Each of these options has its benefits and drawbacks. All I was trying to say is that Andrei was dead on in his feeling that layout floats feel like something that have been bent to a purpose for which they weren’t intended. That’s true. Floats are simple, and were meant to do a very limited thing. Push them hard enough into other roles, and they become a touch balky. If nothing else, their source-order dependencies make them less flexible than one might like, and variances in browser handling of floats (many of those variances having to do with how one should deal with floats in their intended role) just makes the situation more frustrating.
One could argue that all three options are non-layout technologies that have been bent to layout purposes, but positioning at least was intended to be a layout mechanism from its inception. It suffers from enough glaring flaws and browser bugs that it can’t be considered any better an option than the others, though.
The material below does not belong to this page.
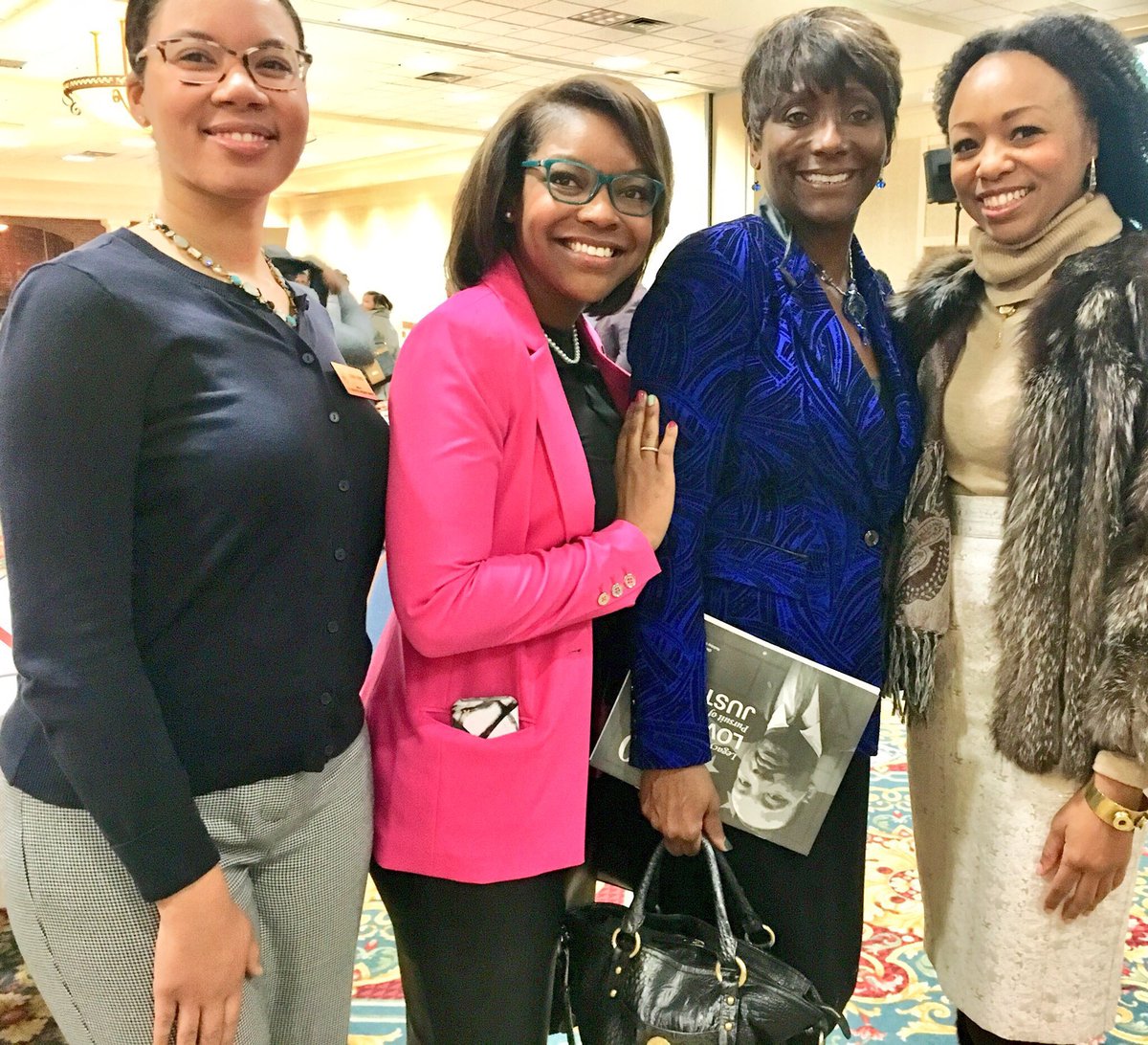 HeyDeanRansom's tweet photo. Inspired through song, spoken word, theater, &amp; @Captainirving ‘s life’s mission. Always a joy to come together in community. #STEAM #IntlEd #MLKJrDay https://t.co/8N3fdSieRL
In a move that may help matters, Shaun Inman (he of the Inman Flash Replacement technique) has just published the article Clearing Absolutes Again, which further develops his attempts to give positioned elements a
clear-like capability. This is a very welcome development. The IPC (Inman Position Clearing) technique may not be perfect— I haven’t had time to dig into it, so I don’t know— but it’s a fifty-foot neon arrow pointing in the direction things need to go. Since we can’t expect this sort of capability to be added to CSS in the near future, let alone have enough browsers support it in the next few years, scripting our own fixes is the only reasonable solution I can see. For another great big neon arrow of this kind, see Dean Edwards’ IE7.
And yes, I said “tables” back there. If you can avoid using tables for layout, then by all means do, but it isn’t always possible. In such cases, as long as the tables use as little markup as possible, and the markup validates, then I don’t see the problem. Never have, really. My whole objection to tables-for-layout has been, and continues to be, that most table-based designs use way too much markup. Often you see markup-to-content ratios in the vicinity of 3:1. That’s just icky. I much prefer to see the inverse of that ratio, or at least something below 1:1. CSS helps immensely in getting there.
Update: see Shaun’s new new post on the topic, “Absolute Clearance“, for another step in the evolution of his technique. Ever forward!